The data
------------------------------------
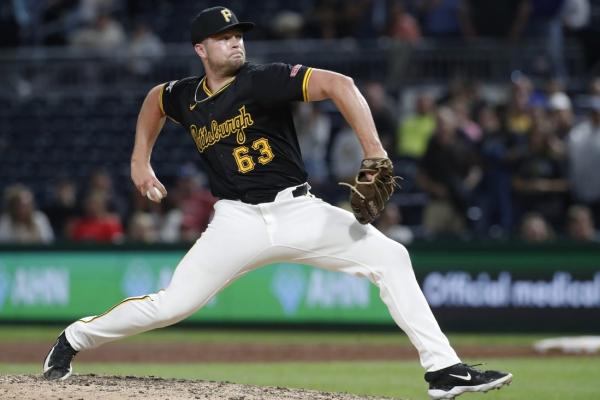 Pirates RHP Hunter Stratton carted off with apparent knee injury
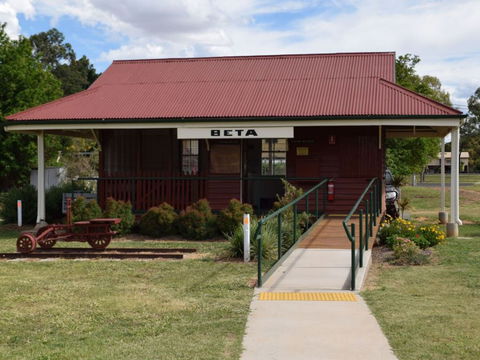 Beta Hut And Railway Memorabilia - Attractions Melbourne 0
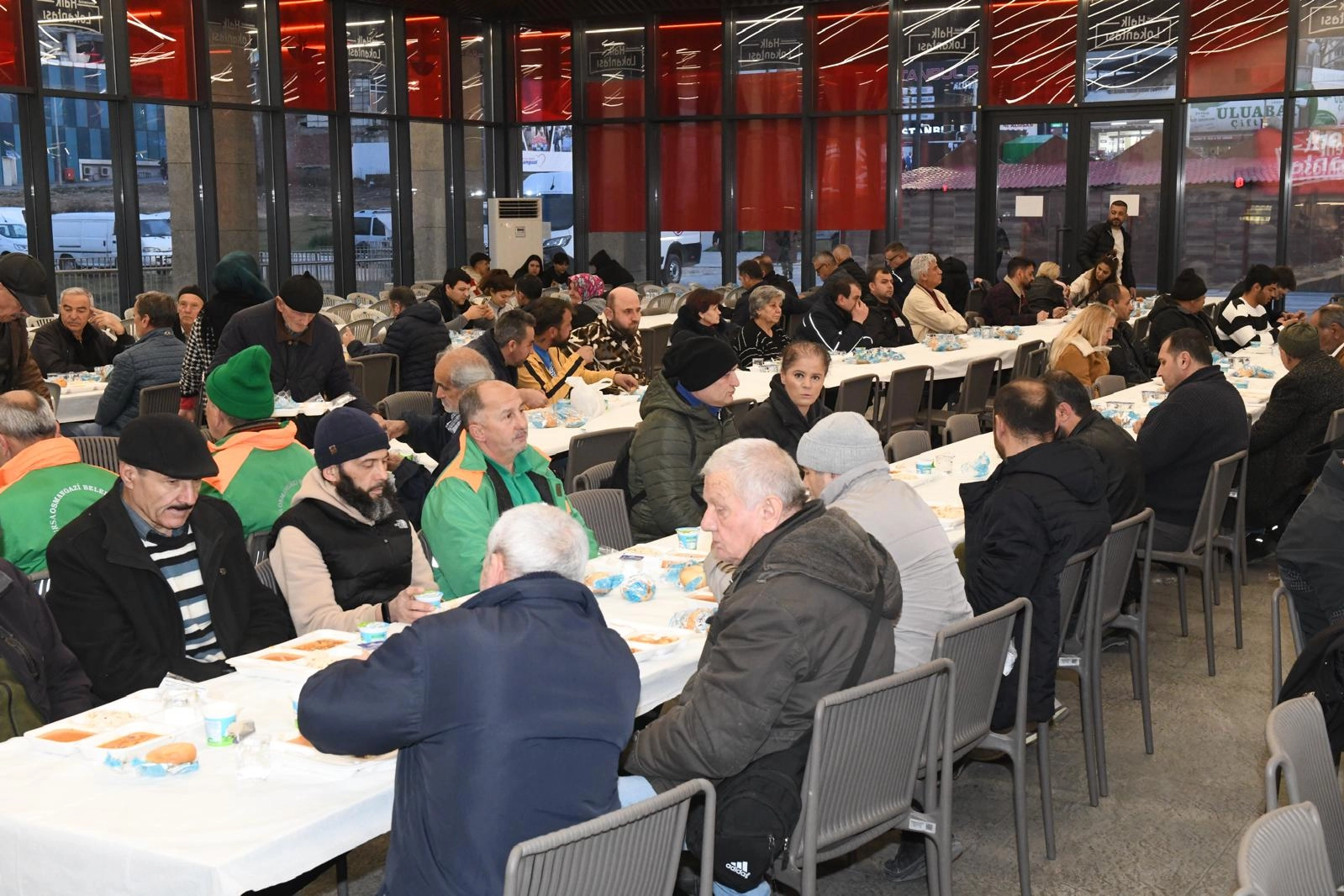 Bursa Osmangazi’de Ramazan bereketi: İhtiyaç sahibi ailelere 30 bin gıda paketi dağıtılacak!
------------------------------------
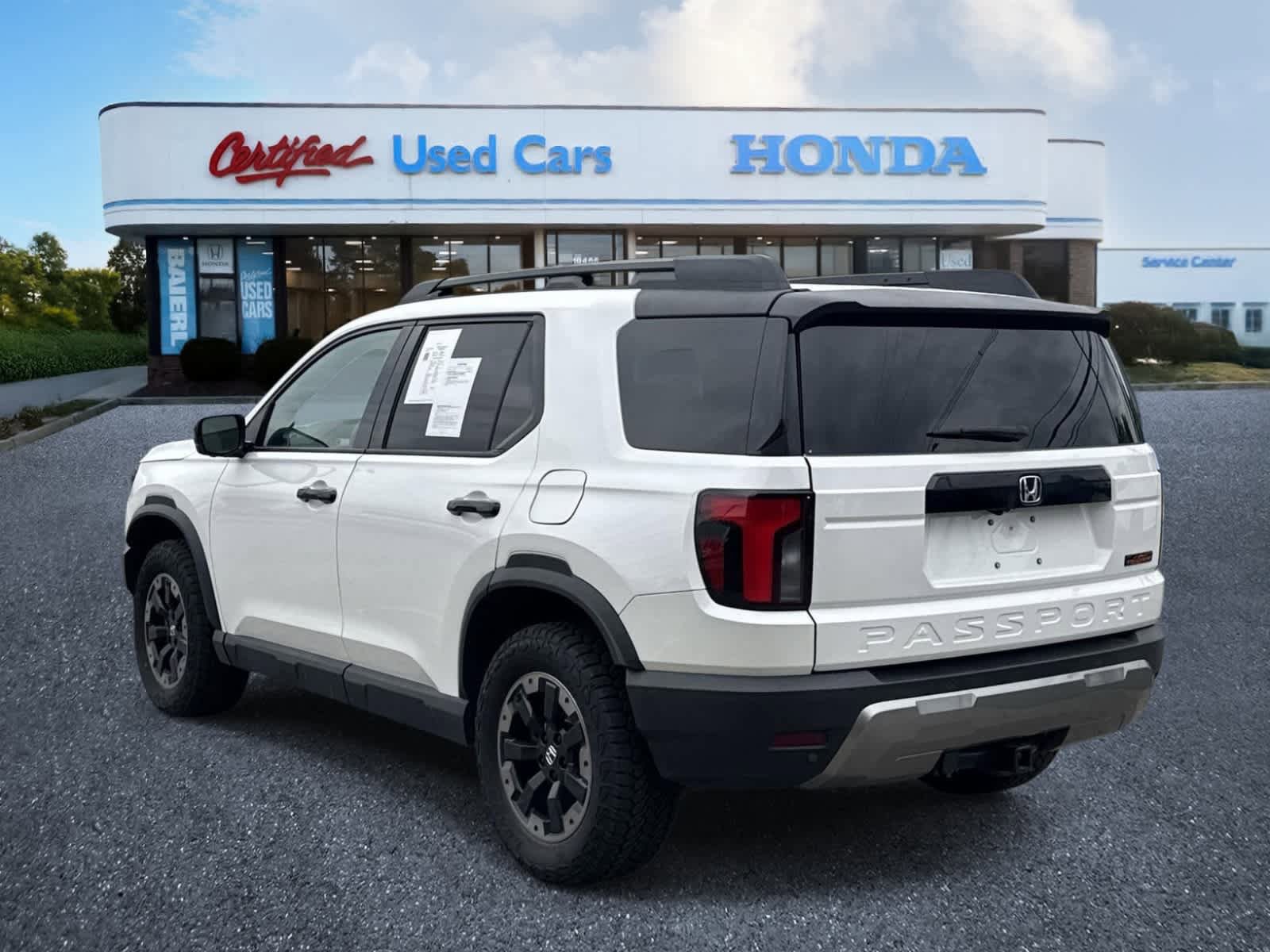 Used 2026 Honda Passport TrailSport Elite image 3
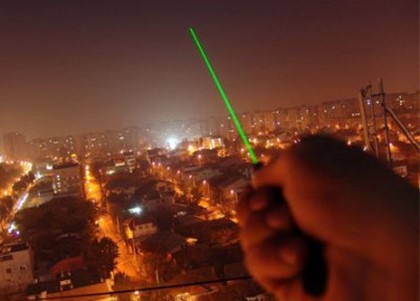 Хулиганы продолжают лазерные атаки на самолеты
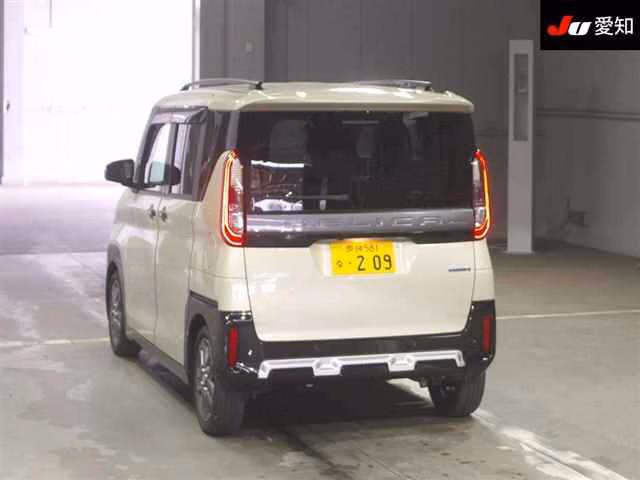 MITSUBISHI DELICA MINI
------------------------------------
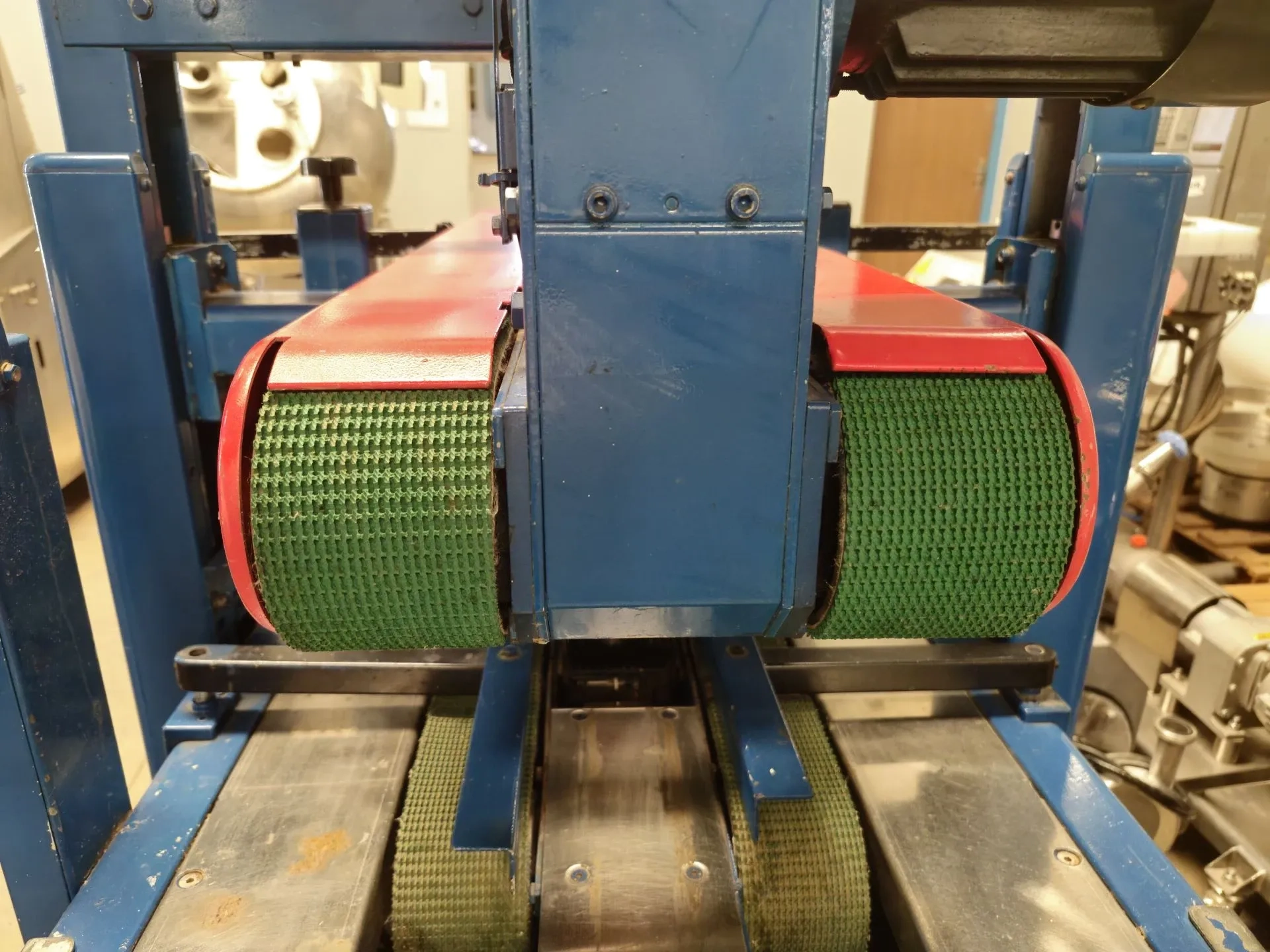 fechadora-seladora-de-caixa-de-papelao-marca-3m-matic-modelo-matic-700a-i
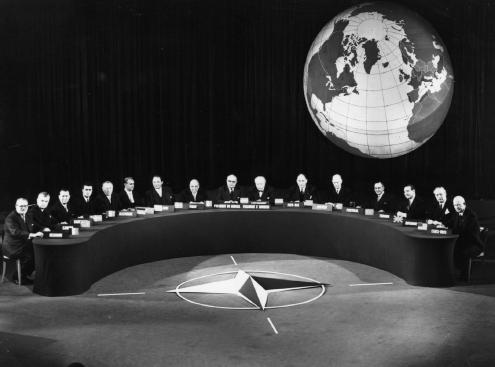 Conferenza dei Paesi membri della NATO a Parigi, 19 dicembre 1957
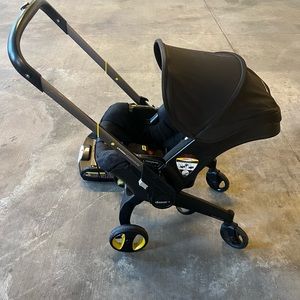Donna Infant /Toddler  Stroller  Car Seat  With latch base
------------------------------------
Task goal
Using the material above, transcribe exactly the lines from the one holding "Beta Hut And" to the one holding "Bursa Osmangazi’de Ramazan", both ends kept. Do not carry over any pictures.

Exercise solution
 Beta Hut And Railway Memorabilia - Attractions Melbourne 0
 Bursa Osmangazi’de Ramazan bereketi: İhtiyaç sahibi ailelere 30 bin gıda paketi dağıtılacak!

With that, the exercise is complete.